Susan Calvin
20 décembre 1989
Plus que quatre jours avant Noël. Les premiers flocons tombent enfin. Ils ont failli être en retard pour les fêtes.
Pourtant, dans le village, personne ne se penche à sa fenêtre avec ce petit sourire qui accueille habituellement les premières neiges. Aucune boule blanche ne fend l'air, aucun pompon ne s'agite dans le décor immaculé, aucun rire ne vient réchauffer cette glaciale atmosphère.
Seules des traces de pas s'écrivent dans la neige, les pas des habitants qui fuient, qui fuient les horreurs de la guerre, de l'abominable cruauté des hommes.
Plutôt que les traditionnels cantiques, ce sont les sirènes qui résonnent dans les rues et les seuls lumières qui clignotent sont celles des avions qui approchent, traîneaux enchantés venant livrer leurs cargaisons de missiles sur les cheminés d'où s'échappent encore quelques fumées.
Dans la rue principale, les premiers morts ne sont pas les victimes de l'Ennemi, mais de l'affolement général. C'est qu'il connaît bien son travail l'Ennemi. C'est toujours la même chanson.
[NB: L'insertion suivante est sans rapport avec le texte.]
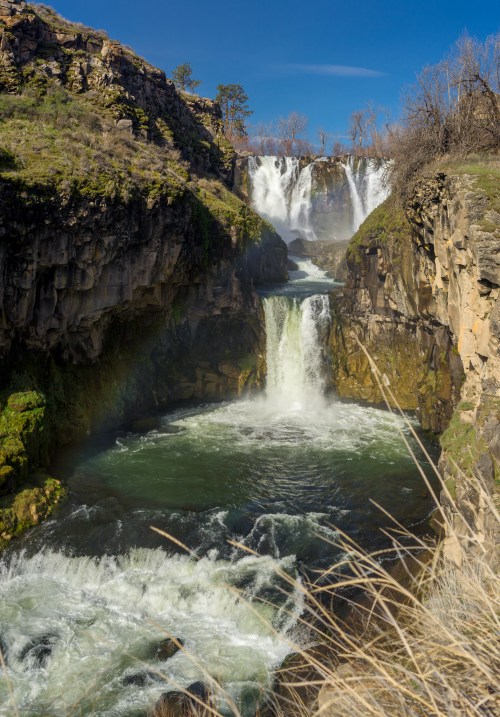 A scenic view of cascading waterfalls surrounded by rocky cliffs and lush greenery under a clear blue sky.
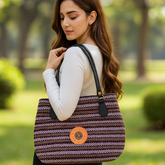 Brown Striped Jute Handbag with Black Handles and Orange Patch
Affoler, avec les avions, les bruits, les menaces, les récits des massacres précédents. Puis bombarder, raser, détruire, supprimer. Et enfin achever. Avec un fusil, une mitraillette, une pierre, peu importe l'arme du moment qu'elle tue. Oui, toujours la même routine, réglée comme du papier à musique.
Un peu à l'écart du coeur du village, un petit chemin dont on devine à peine les pierres sous les flocons qui s'accumulent. Au bout de ce chemin, derrière la vieille grille rouillée, sous les arbres qui plient leurs branches nues, une maison à l'ancienne se couvre peu à peu de neige. Si on ouvre la porte, avec une clé comme autrefois, on peu voir dans le hall un porte manteau, auquel sont encore suspendus un manteau de femme et deux blousons d'enfants. La veste en cuir de leur père n'y est pas, elle est partie se battre, avec son propriétaire.
Il est tôt le matin, un mercredi, les filles ne sont pas à l'école. Pourtant, alors qu'elles devraient dormir, leur mère les appelle, mais sans cette chaleur qui les réveille habituellement le matin.
Susan dévale les escaliers. Au loin, les premiers échos résonnent sur les falaises. Sa mère, affolée, l'attrape par la main. Elles traversent ainsi près de la moitié de leur vielle maison. Poussée par la peur, elle arrache la porte plus qu'elle ne l'ouvre. Susan sent son coeur manquer un battement. Le lit de Christie est vide. Elles repartent aussi vite qu'elles sont arrivées. Devant la porte du salon, elles percutent la Christine en question. C'est certainement ce qui la sauve. Soulagée de retrouver sa soeur, Susan lâche la main de mère, pour attraper celle, plus petite, de Christie. Zipo, le petit chien robot de la famille, détale vers le jardin.
Le premier obus détruit la cuisine. En une seconde, les appareils ménagers, le grand plan de travail où sa mère aimait cuisiner comme dans l'ancien temps avec des couteaux et des saladiers, le pot de fausses fleurs sur la table, tout disparaît dans une avalanche de fumée. Le deuxième frappe sa mère, qui se précipitait vers le bureau d'étude où elle range habituellement ses clés de voiture. C'est la fois qu'elle la voit, affolée, perdue, comme une goutte d'amour se noie dans un océan de terreur. Elle ne voit pas le troisième, encore ébranlée par l'impact précédent. Il tombe derrière elle. Elle est arrachée au sol, comme on cueille un pissenlit, dont on offre ensuite les pétales au vent.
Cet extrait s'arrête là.